_Supplied information:_
______
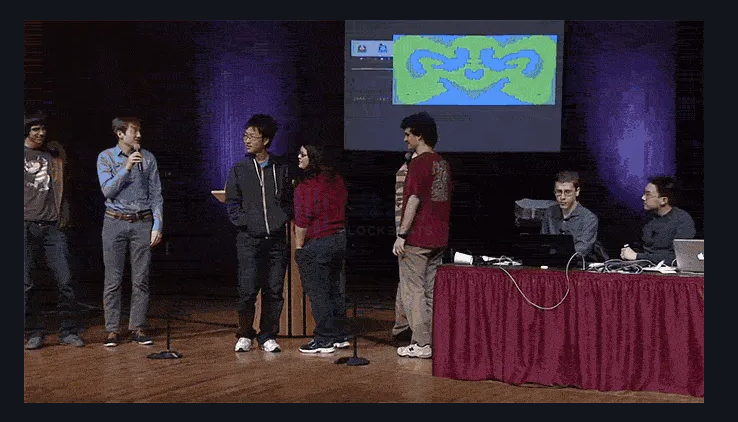 A group of people standing on a stage
Description automatically generated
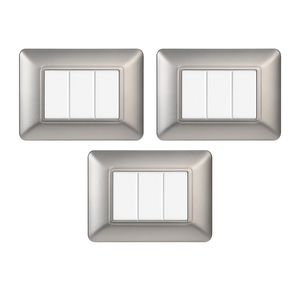 Gloca – ensemble de 3 interrupteurs muraux à 3 boutons, plaque en plastique, couleur argent, installation facile, compatible avec Matix - Product Image 1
______
_What you should do:_ Return an exact copy of the data above, apart from any pictures.

_Task result:_
 A group of people standing on a stage
Description automatically generated
 Gloca – ensemble de 3 interrupteurs muraux à 3 boutons, plaque en plastique, couleur argent, installation facile, compatible avec Matix - Product Image 1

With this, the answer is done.